The original Sankey diagram shown in this article is for an resource efficient house, planned or built in New Delhi (India). It sports the water flows through five groups of processes (sources, converters, demands, re-converters, and sinks). The authors call it a “five-partition metabolic profile”, and suggest that it can be done not only for a single house, but “for the built environment at any scale, from parcel to urban region”.

The unit for the quantities given is not indicated, but I presume the water flows are in litres.

When reproducing the Sankey diagram (see above) I tried to make it a little more clearer by changing the order of the (invisible) nodes, thus avoiding crossing flows.

Odum’s Energy and Matter Flows in Ecosystems

A visitor to this blog pointed me to the work and life of system ecologist Howard T. Odum.

Odum “in his early work used a diagramming methodology very similar to the Sankey diagrams used in chemical process engineering. In this model energy and matter flows through an ecosystem”.

In Odum’s ‘Silver Spring Study’, he

…mapped in detail all the flow routes to and from the stream. He measured the energy input of sun and rain, and of all organic matter – even those of the bread the tourists threw to ducks and fish – and then measured that gradually left the spring. In this way he was able to establish the stream’s energy budget. (Wikipedia)

This diagram shows the energy flows in the ecosystem. The main contributors are sunlight and other biomass imports. Energy “leaves” the system as exports (extraction of animals and biomass) and mainly as decomposed matter. There are no absolute figures in this diagram, but the proportions seem to be represented by the arrow magnitudes.

The diagram has a nice “natural touch” to it, and at first sight one might think that you are looking at the arms of a river delta…

Substances in Wastewater Treatment

In the Wiki of the CD4WC (Cost Effective Development of Urban Wastewater Systems for Water Directive Compliance) project, I found an interesting Sankey diagram that I wanted to share with you.

This project, funded by the European Commission, deals “with optimising the efficiency of urban wastewater systems with regard to ecological consequences in natural water bodies and with regard to investment and operation costs.”

The waste water treatment process system is shown with a schematic flow diagram.
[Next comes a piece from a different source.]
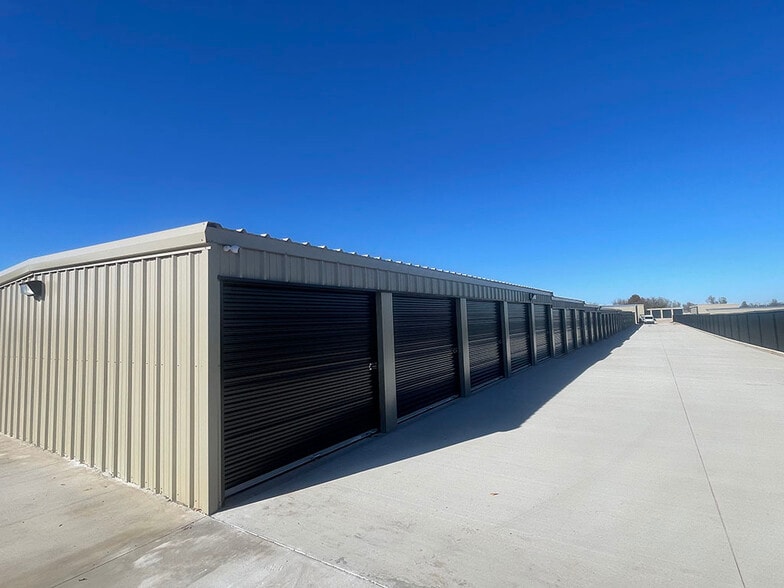 More Photos Of 721 Clear Springs Rd, Mustang Specialty For Sale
For individual substances that can be found in the waste water, the diagram is then displayed with Sankey flows, that represent the quantity. Thus, Sankey diagrams are a possibility for the “determination of fluxes of substances per unit of time”. This presentation is part of a method is coined Substance Flow Analysis.

This presentation is very advantageous: The nodes in the system (the process blocks) remain at the same position, only the magnitude of the arrows changes, when switching to the substance flows view. Flows with large quantities substances are clearly visible.

It would also be a possibility to introduce as a third view (next to absolute water quantity, and substance quantities) the substance concentrations (impurities per m³ of waste water).